Crammed into the back corner of an early 1980’s waterfront condominium in James Bay, this dark and inefficient kitchen was desperate for a complete overhaul. With one narrow entrance and a solid wall blocking all natural light, the kitchen was neither functional nor appealing. The clients credit Terri Wills, kitchen and bath designer at MAC Renovations Ltd, for opening up the space to the rest of the condo, creating an efficient kitchen layout while capturing water views and flooding the space with natural light. With a puzzling layout, the angular ground floor unit sat on the real estate market for approximately two years, with unsuccessful price reductions to entice a buyer.
“No one was brave enough to face the design challenge,” says Wills. Greeted by a series of hallways as you enter the condo, windows were hidden from view until you went through and entered the cramped living area. For clients bold enough to buy the fixer-upper, their primary request was to bring more natural light to the home and to create an open-plan concept with a functional kitchen.
MAC Renovations was up for the challenge and designed a sun-drenched traditional kitchen with careful consideration given to functionality and layout. Whether you are preparing a holiday meal or a simple summer salad, thought needs to be given to the counter space in a compact kitchen.
Some designers, with a propensity for math, recommend a working kitchen have just over 13 feet (158 inches) of usable counter space. With ample counter space, this L-shaped kitchen boasts a natural work triangle with specific work zones and a designated eat-in kitchen space at the island. The cooktop built into the island faces the dining area and allows the chef to socialize while cooking.
To make every inch in this small space count, it was important for the owners to include a pantry for storage. “Close to the food prep/landing zone area, the pantry is conveniently close to the fridge and the across from the cooktop. Creating distinct work zones, the clean up area (sink and dishwasher) were completely pulled out of the proverbial work triangle and kept close to the entrance to the kitchen for easy access,” says Wills.
Hardworking and stylish, the solid maple island includes a 3-seat eat-in area, an x-style wine rack and additional drawers on the side and back for storage. Next to the full-bodied, deep marsala hue of the statement wall, the custom stained maple island in “chocolate” anchors the space and offers a classic, inviting feel.
One major design challenge was the intrusive structural post in the middle of the compact kitchen. “My design originally had the island orientated to come off the post lengthwise, with the end of the island stretching toward the dining room. But with very little space in this direction, I had to swing the island around to incorporate the structural post,” Wills states.

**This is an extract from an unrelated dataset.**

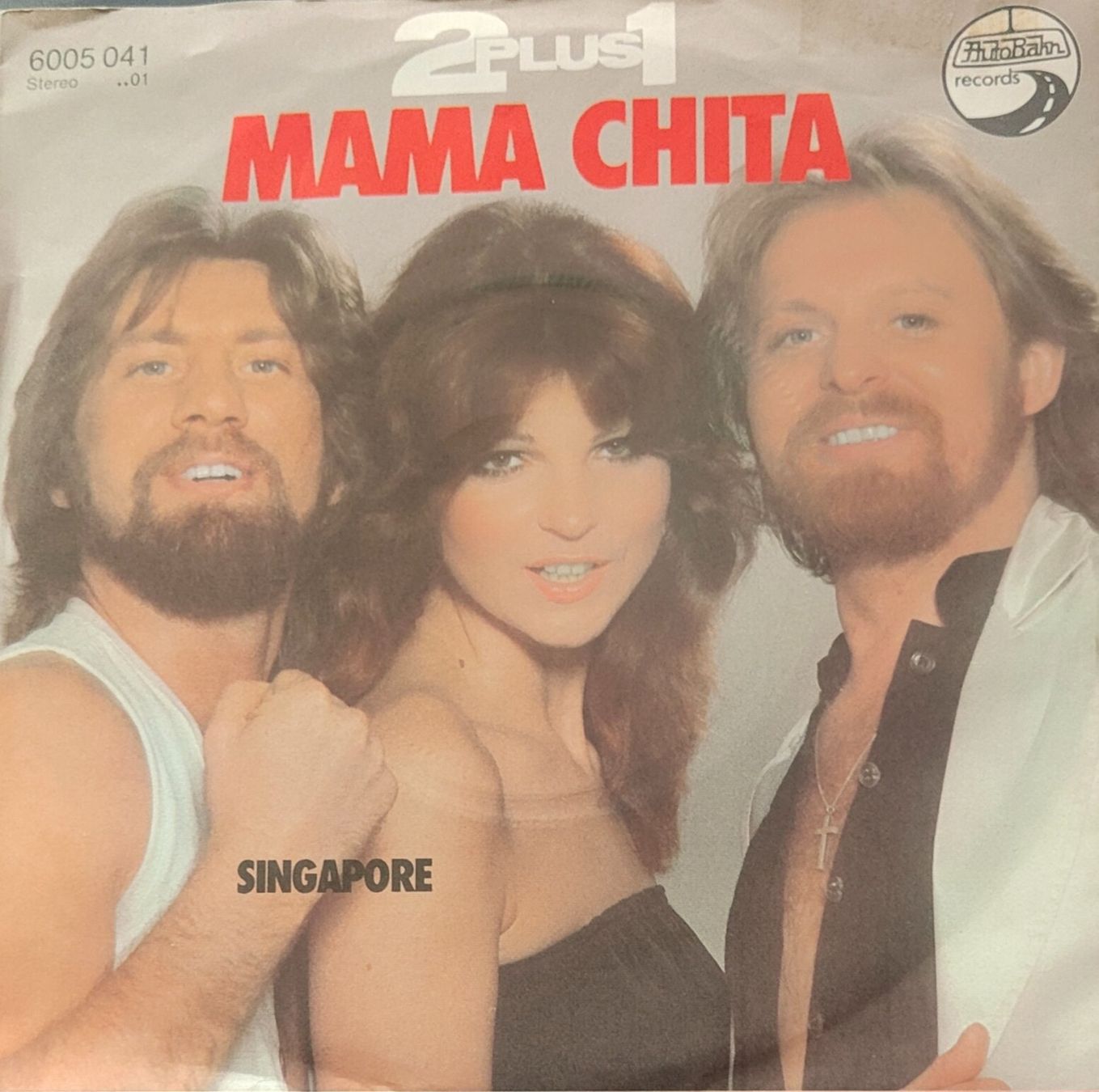 Schallplatten: Vinyl Single 2plus1 - Mama Chita – Gebraucht aus Langenthal von Modo39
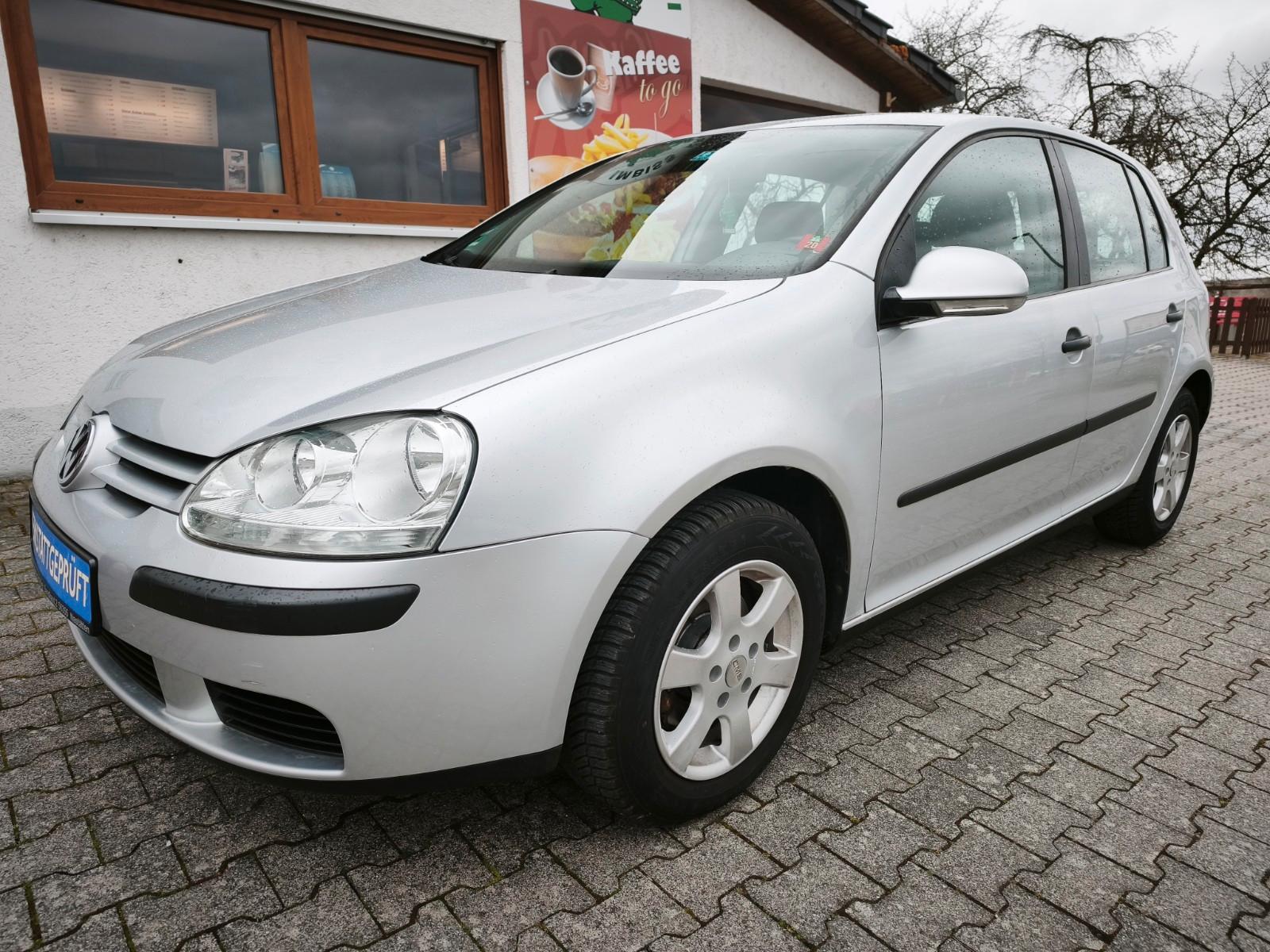 Volkswagen Golf V Lim. Trendline, Benzin 75ps, eFH, TÜV NEU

Clad in a white ledgestone, merging tones with the backsplash, the post blends as a design feature providing texture and warmth. The tile setter meticulously hand chiseled the corners of the column to create a seamless look to the edges. Installing the ceiling hood fan over the island cooktop in a solid concrete ceiling proved to be another substantial design test. Wills states that “in order to secure the hood fan to something, the ceiling had to be dropped and plywood applied for attachment purposes. The drop ceiling also allowed for the hood fan venting to move across the ceiling to the back corner where the original venting exited the building.”